Brown Girl in the Ring

Gone were the days of marching through the sweltering heat or heavy downpours to catch a taxi or win sympathy from some kind soul offering us a lift. Our 1970's white exterior VW Combi was now providing dependable transportation for our growing family. The interior wooden benches and cushions were custom-made in dark browns and quickly transformed into a sleeper camper.

The two rows of the behemoth back seats could double stack children, so on Sundays, we loaded the bus with kids from the Bassa community. When we arrived at Calvary Baptist Church on Tubman Boulevard for weekly church services, more than eighteen of us spilled out of the open side door.

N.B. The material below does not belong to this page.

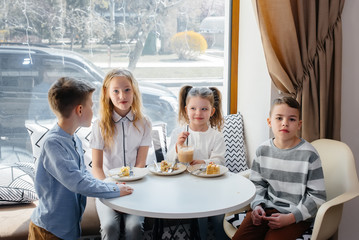A large friendly company of children celebrate the holiday in a cafe with a delicious dessert. The day of the birth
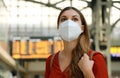 It`s time to go back to travel. Close up of traveler girl wearing KN95 FFP2 face mask at train station. Young caucasian woman wit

One Sunday morning, in the cramped bus, my temper was still high from a wrangle I had with a girl who attended our church. I dreaded facing her in Sunday School—I could feel the sweat trickling down my spine, and my head pounded.

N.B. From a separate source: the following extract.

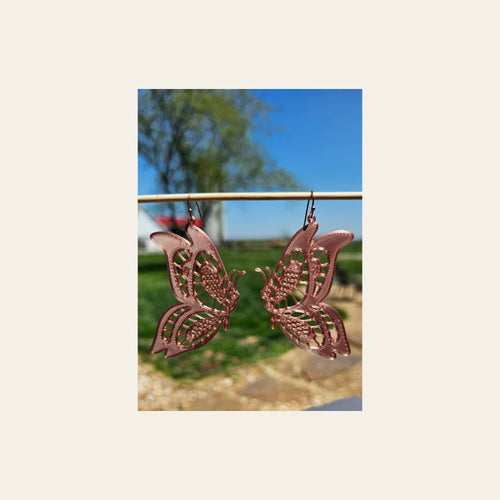 3D Print Butterfly Boho Earrings on a warm cream background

The Friday before, on my birthday, Mommy let me invite a few girls over for a sleepover. We talked, laughed, ate cake, and played 'Brown Girl in the Ring,'—an outdoor singing-dance game. With each "Tra la la la la," one of the girls, Grace Yhap, strutted in and out of the circle in playful poses, flinging her sleek dark ponytail from shoulder to shoulder.

I had been disgusted with the sight of her from the moment she arrived at the party.

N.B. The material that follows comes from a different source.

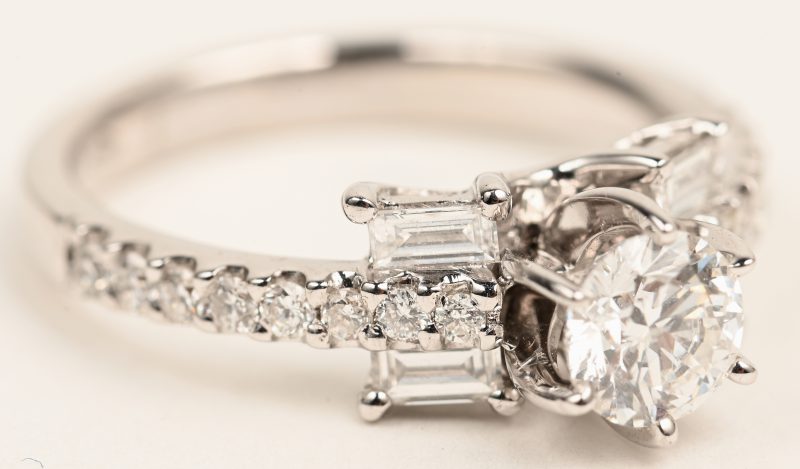 Een 18 karaats witgouden ring bezet een centrale briljant van +- 0,58 ct en  met een briljanten en twee diamant baguetten met een gezamenlijk gewicht van +- 0,56 ct.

She bragged about her looks, and my voice rose to a piercing shriek as I spat out venomous words in response. She cringed, her face stricken with shock and humiliation, but I did not relent. By Saturday morning, she went home with red, swollen eyes.

Grace Yhap had a Liberian mother and a Lebanese father. Her mother had recently passed away. The year had been difficult for her and her sibling while their dad tried to keep their spirits high. But none of this concerned me. I envied her—for her beauty, more specifically, for the color of her skin.

At eight years old, I became increasingly aware of the contrast between my skin tone and everyone surrounding me. I looked at my sisters, Rosy and Becky, with their cocoa-colored completions. They were Liberian, through and through. Bertie and I talked about what it would be like to be Black. Though being White afforded us many privileges, we didn’t like being different.

Then I met Grace.

Her complexion, light honey with bronze and caramel hues, reminded me of butterscotch candy. Her chestnut eyes sparkled like amber, making my blue irises seem pale in comparison. I decided at that moment she had just the right amount of coloring. If I couldn’t be Black, then maybe I could be Brown. Grace Yhap's kind-of-Brown.

The image of Grace’s beauty burned like fire in my mind, though I knew deep down, I was stuck with my Ivory-ness. While we jolted up and down through the pothole-filled streets, my hands clenched into fists on my lap. My cheeks burned. My new brother, Moses, sat beside me with his eyes focused on the open Bible in his lap. He gave me a knowing glance every time I mentioned Grace's name.

"Why you vexed with this girl, Grace?" He asked.

I raised my index finger and spoke in my Liberian twang, "She tink she fine past me."

"But you yourself fine, Georgie. Ain't you got long hair too? Why you vexed with her?"

"Mmmm. Her big mouth won't shut up about her fine self. She Yaps. Yaps. Yaps.—just like her last name."

Moses flipped through the thin pages he held and read aloud the words he thought were meant for me. Even after all these years, I remember the verse. "Vengeance is mine, saith the Lord. I will repay." He lifted his head and continued. "Whatever she did to you, don't worry about it. Leave it with God."

I locked my teeth in place, seething with fury and shame. On the one hand, I wished God would peel off Grace's brown skin so she'd be snowy like me, while the other side of me grew sick with regret. The jealous rage festered like a hardened coconut rolling around in my stomach. But I also ached from the guilt swelling within.

This sinful nature—the one Daddy said we were all born with had revealed itself in the ugliest possible way. This was the first time I recognized my dark side and felt remorseful in my eight years of living. Its grip on me seemed so strong. Part of me wanted to accept its shackles, while another part wanted desperately to escape them and be free.